Merdeka dari Disinformasi

Jurnalis: Fathur Roziq
Editor: Muhammad Faizin

18 Agustus 2023 07:27 18 Agt 2023 07:27

Thumbnail Merdeka dari Disinformasi Watermark Ketik
Fathur Roziq, jurnalis Ketik.co.id


Orang Amerika Serikat sungguh getem-getem ketika Donadl Trump berhasil menaklukkan superlady Hillary Clinton dalam Pilpres AS pada November 2016. Mengapa? Di balik semua proses pilpres itu, kuat dugaan ada keterlibatan Rusia. Seteru abadi di level global.
Media The Guardian.com mengutip kekecewaan mantan Presiden AS Barack Obama atas hasil pilpres tersebut.
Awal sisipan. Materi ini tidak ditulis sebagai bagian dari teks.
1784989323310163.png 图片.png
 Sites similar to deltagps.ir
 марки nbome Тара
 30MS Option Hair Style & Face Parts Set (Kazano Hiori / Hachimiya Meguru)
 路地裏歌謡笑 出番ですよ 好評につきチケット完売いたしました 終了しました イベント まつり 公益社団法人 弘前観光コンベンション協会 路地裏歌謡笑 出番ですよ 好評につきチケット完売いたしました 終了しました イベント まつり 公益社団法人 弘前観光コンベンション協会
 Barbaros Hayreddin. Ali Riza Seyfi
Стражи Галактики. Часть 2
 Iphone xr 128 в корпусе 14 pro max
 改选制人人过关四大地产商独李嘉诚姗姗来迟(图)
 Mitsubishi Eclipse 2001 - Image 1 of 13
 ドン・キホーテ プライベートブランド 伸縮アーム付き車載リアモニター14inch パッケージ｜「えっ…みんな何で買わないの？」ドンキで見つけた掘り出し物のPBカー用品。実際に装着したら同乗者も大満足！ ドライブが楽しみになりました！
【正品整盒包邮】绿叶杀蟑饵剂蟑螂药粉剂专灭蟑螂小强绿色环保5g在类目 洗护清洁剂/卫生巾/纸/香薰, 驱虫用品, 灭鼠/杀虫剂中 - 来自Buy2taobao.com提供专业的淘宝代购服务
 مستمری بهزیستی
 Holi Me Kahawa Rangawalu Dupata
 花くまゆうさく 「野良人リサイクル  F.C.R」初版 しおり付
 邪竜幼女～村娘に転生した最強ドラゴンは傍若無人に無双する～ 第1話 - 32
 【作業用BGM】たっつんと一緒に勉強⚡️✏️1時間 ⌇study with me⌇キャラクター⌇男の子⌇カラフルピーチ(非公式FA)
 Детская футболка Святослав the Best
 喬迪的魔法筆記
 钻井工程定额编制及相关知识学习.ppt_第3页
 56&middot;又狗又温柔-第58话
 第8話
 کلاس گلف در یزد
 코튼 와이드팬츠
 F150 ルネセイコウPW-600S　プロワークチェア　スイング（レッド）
Presiden yang suka nasi goreng dan bakso Indonesia itu merespons. Bahwa kemenangan Donald Trump tidak lepas dari propaganda komputasional Rusia. 
Rakyat Amerika Serikat telah menjadi korban penyebaran disinformasi melalui media sosial (medsos). Terpecah dalam wacana. Berbagai investigasi dilakukan dan berhasil membuktikan campur tangan Rusia itu. 
Bagaimana orang Amerika Serikat tidak getem-getem. Penyebaran disinformasi tersebut dilakukan tanpa terdeteksi dan semena-mena. Lewat Facebook, Twitter, Google, dan lain-lain. Itu semua ciptaan orang-orang hebat Amerika Serikat sendiri. Ternyata, platform-platform digital itu menjadi senjata untuk ”mengerjai” negeri penciptanya sendiri. 
Anggota Dewan Pers Agus Sudibyo menyebut, ”jurus” penyebaran disinformasi lewat medsos itu telah menjadi propaganda yang menjalar ke negara-negara lain di dunia. Lewat perangkat infrastruktur digital di negara masing-masing. Baik sekadar sebagai pendukung maupun media utama penyebaran propaganda.
Propaganda lewat infrastruktur digital bisa jauh lebih efektif daripada dengan prestasi infrastruktur lain. Namun, kenggulan dalam infrastruktur digital dan infrastruktur lain sekaligus akan menjadikan seorang pemimpin digdaya. Tidak terkalahkan. Mutlak.
Infrastruktur digital ini hendaknya tidak dipahami hanya dalam konstruksi besar. Platform-platform digital global. Infrastruktur digital itu juga bisa dibangun di tingkat terbawah. Rukun tetangga, rukun warga (RT-RW), perangkat desa, kepala desa, tokoh masyarakat.  
Grup-grup WhatsApp (WA) RT, RW, perangkat desa, kepala desa, komunitas, wartawan, dan sebagainya juga bisa sangat efektif sebagai perangkat operasi propaganda komputasional. Sehingga, kita semua tidak perlu nggumun. Sangat wajar bila ada upaya-upaya sistematis memanfaatkan semua platform digital ini. Bukan cuma Facebook, Twitter, Instagram, dan sebagainya. 
Grup-grup WA ini juga sangat potensial jika dibentuk secara terstruktur. Dari RT, RW, Kades, emak-emak, penghobi, pemilik media online, dan sebagainya. 
Dari yang serius sampai yang lucu. Grup Penyuka Es Teh Manis, Grup Janda Champions, Grup Gado-Gado Delta. Ada-ada saja namanya. 
Namun, perlu diingat pula. Konstruksi infrastruktur digital tersebut tak ubahnya senjata trisula. Dampaknya negatif bila digunakan untuk menyerang pihak lain. Sebaliknya, efeknya akan positif kalau dimanfaatkan untuk meningkatkan citra personal maupun sebuah lembaga. Juga memobilisasi publik agar bersemangat untuk berpartisipasi aktif dalam pembangunan. 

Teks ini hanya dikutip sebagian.